# Grilling basket



## cooter79 (Oct 16, 2020)

Does anyone us a grilling basket for veggies?  If so what brand and why do you like it?


----------



## JC in GB (Oct 16, 2020)

I have two of them I use.  A small wire basket for small portions and a grill wok for larger portions.

I love grilled veggies so I use these often.

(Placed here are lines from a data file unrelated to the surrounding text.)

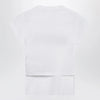 Balenciaga Messy Spray T-shirt with cut-out back in white cotton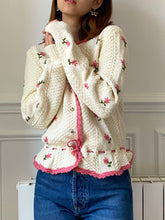 Charger l&#39;image dans la galerie, Vintage Austrian cardigan Pink
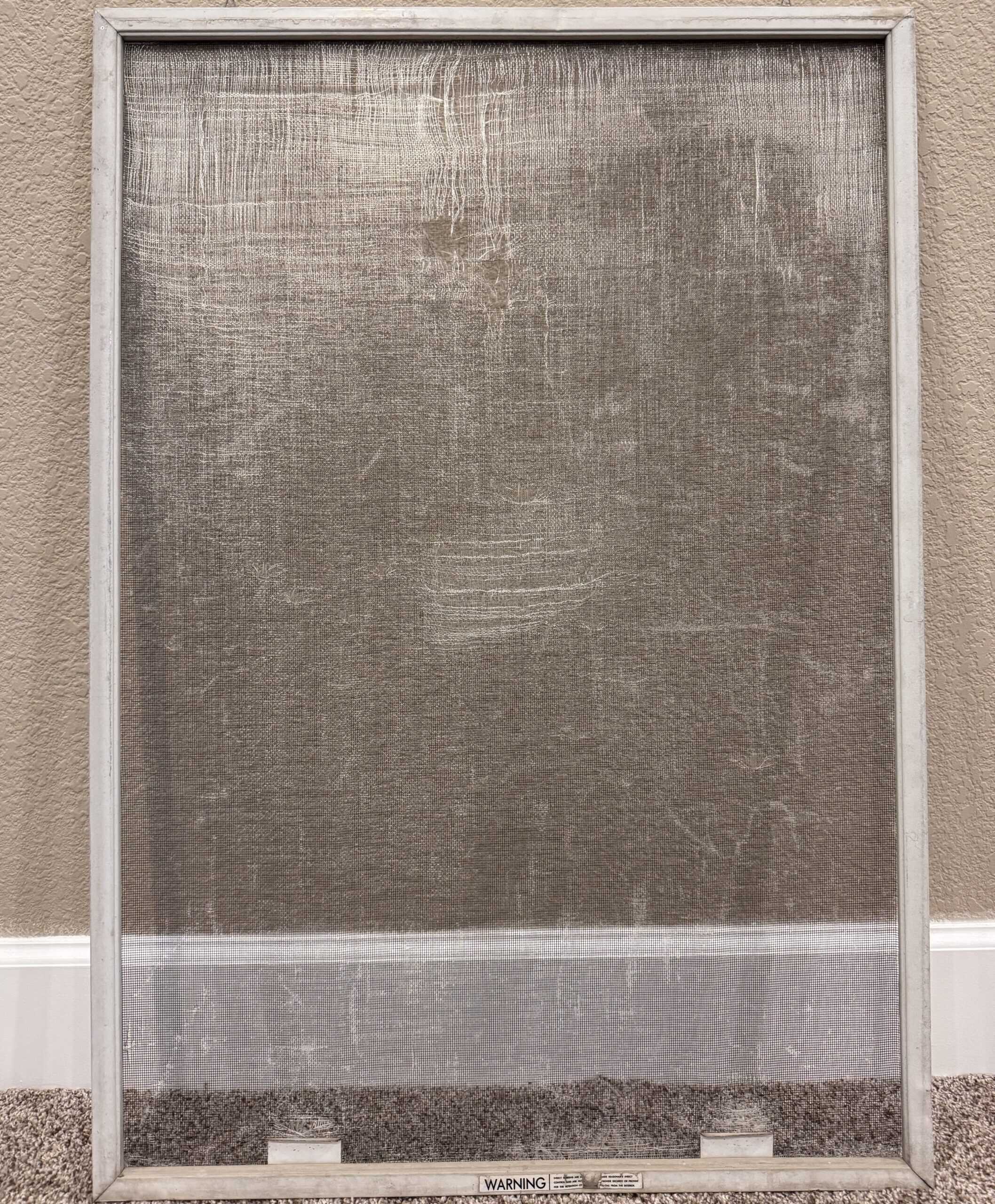 window frame old screen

I like the grill wok better.



Hope this helps.

JC


----------



## SmokinAl (Oct 16, 2020)

I’m with JC, I have that basket, but I also have a propane fired 24” wok. It grills veggies just like a Chinese restaurant. Hot & still crunchy. 
Al


----------



## JC in GB (Oct 16, 2020)

SmokinAl said:


> I’m with JC, I have that basket, but I also have a propane fired 24” wok. It grills veggies just like a Chinese restaurant. Hot & still crunchy.
> Al



I want one of those propane woks.  Oh the food I could cook....  :)


----------



## mike243 (Oct 16, 2020)

Yes I dont know the brand as I have had it for years but the basket has a lid that matches , works very well no turning needed, just pick it up and shake it


----------



## mike243 (Oct 16, 2020)

try this 1, looks a lot like mine


----------



## mike243 (Oct 16, 2020)

I cant tell you how much food I threw out a over full basket trying to turn the stuff,  with the lid I shake the stuffing's out of it and nothing falls out lol


----------



## tag0401 (Oct 16, 2020)

We love our veggie basket. Not sure if the brand but it’s a 12x12 wire type basket. Works great. Good flavor when cooked over charcoal


----------



## AbirraN (Jan 9, 2022)

I have a small wire basket from Amazon years ago, and I can still use it now. Works well on vegetables! I usually add spices from Grill Master Gift Basket and I love the combination of Honey and Carolina Red.


----------



## tacotaster (Apr 20, 2022)

I use one of these lodge cast iron grill pans and really like it.


----------